In Greenwich Village, a villainous THRUSH agent named Buuder (Joe Mantell) harangues a struggling artist, Jay France (Kelton Garwood), who custom-designed a fabric print with a secret THRUSH code embedded in it. The print, which was supposed to be exclusive to THRUSH, popped up in a photograph in a fashion magazine on a dress worn by a model. Under duress, France admits he gave some of the fabric to a friend, a fabric cutter and aspiring designer named Jerry, who works for a struggling design company named Agnes Sue. Buuder and his henchman stab France to death with a pair of scissors, then set his studio on fire. Illya and Napoleon, who are are canvasing the neighborhood in search of France, arrive at the studio just as it explodes into flames. Always two steps behind the plot, gentlemen. You’re off to a good start.

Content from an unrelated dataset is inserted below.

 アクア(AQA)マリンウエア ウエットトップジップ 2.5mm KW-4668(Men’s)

In Mr. Waverly’s office, Illya and Napoleon examine the magazine photo and brainstorm ways to find the dress before it falls back into THRUSH’s hands. Illya flips through the accompanying article and notes that it doesn’t credit either the dress designer or the model in the photograph. “Well, that stops us cold,” Napoleon mutters. Oh, for crying out loud. Do your job, Napoleon! Call the magazine and ask them about the photo. Surely they’d have a release form on file from the model, at the very least.

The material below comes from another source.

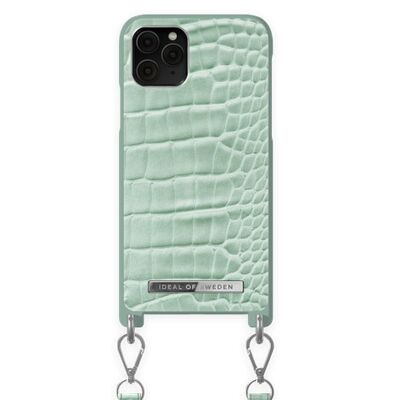 Atelier Collier Coque iPhone 11 Pro Mint Croco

Instead, Napoleon and Illya abandon the photo lead entirely, because they are worthless. Beautiful and charming, but worthless. Instead, they scrutinize the pair of scissors used to kill Jay France and notice they’re etched with the name of Agnes Sue. They head to the Agnes Sue showroom in the garment district, which turns out to be run by two nice elderly fellows (George Tobias and Ned Glass), both of whom are named Harry. Napoleon adopts a bizarre accent (…I think he thinks he’s doing a Queens mobster accent, but as a Queens resident, I can tell you it’s the weirdest damn thing I’ve ever heard) and introduces Illya and himself as fashion buyers. “Kuryakin. Is that a Japanese name?” one of the Harrys asks. Deciding to run with this bit of whimsy, Illya bows deeply and responds, “Hai.”
This is a terrible episode, of course, but I do appreciate the way it occasionally drifts into full-on madness.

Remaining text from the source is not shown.